C’est une question qui repose sur plusieurs piliers. Il y a un pilier technologique avec des outils capables de détecter la toxicité et de la retirer afin de protéger les gens avant que le mal ne soit fait. Un autre pilier est un pilier légal. Il faut aller beaucoup plus vite sur le dépôt de plainte et sur les sanctions à appliquer.

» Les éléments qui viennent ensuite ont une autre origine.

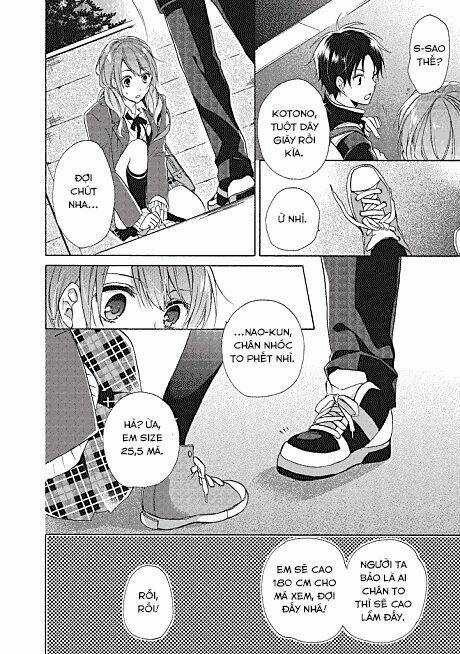 Người Trong Mộng của Kotono Chapter 1 trang 17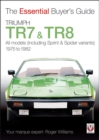 Triumph TR7 and TR8 - Book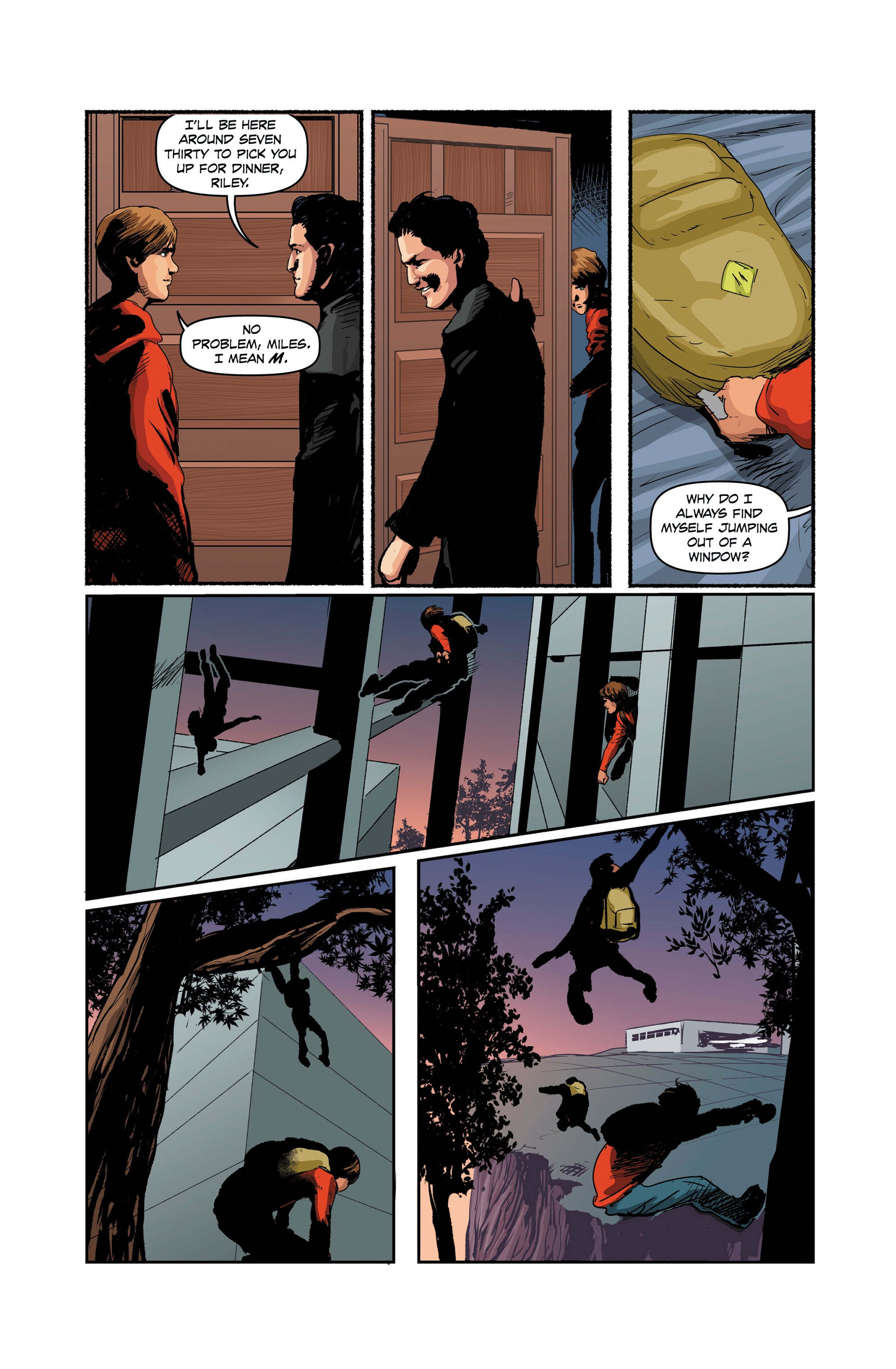 Read online The Agency (2014) comic -  Issue # TPB - 54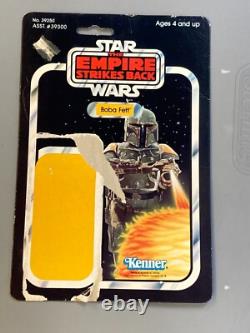 Star Wars Boba Fett 41 back ESB original vintage cardback 1980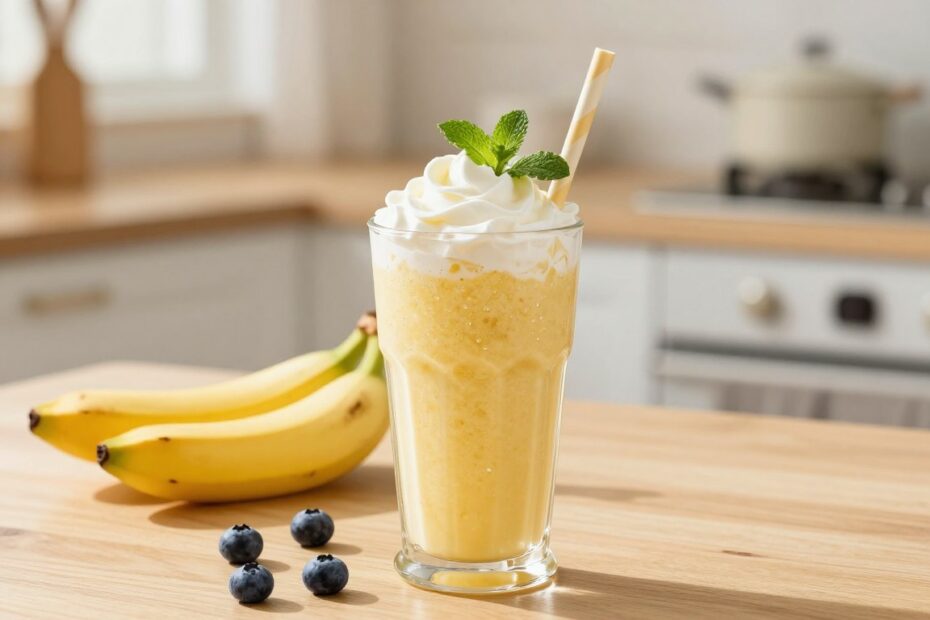 Smoothie bananowe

Et le troisième pilier, c’est l’humain. Il faut des associations et des modérateurs humains qui sont là pour les victimes. Cette procédure permettrait de faire avancer les choses. Après, c’est aussi une question d’éducation. Il faut éduquer les jeunes sur la dangerosité des réseaux sociaux, mais aussi les personnes plus âgées, qui arrivent en cours de route et qui ne comprennent pas comment s’en servir.

C’est le sujet du harcèlement qui vous a poussé à créer Bodyugard.ai ?

Je pense avoir reçu une bonne éducation de la part de mes parents. J’ai toujours été élevé dans l’optique d’une justice et de la protection des plus fragiles. Étant donné que j’ai commencé la programmation de Bodyguard.ai à l'âge de 10 ans, j’avais les capacités techniques pour faire quelque chose permettant de lutter contre la toxicité des réseaux sociaux en ligne.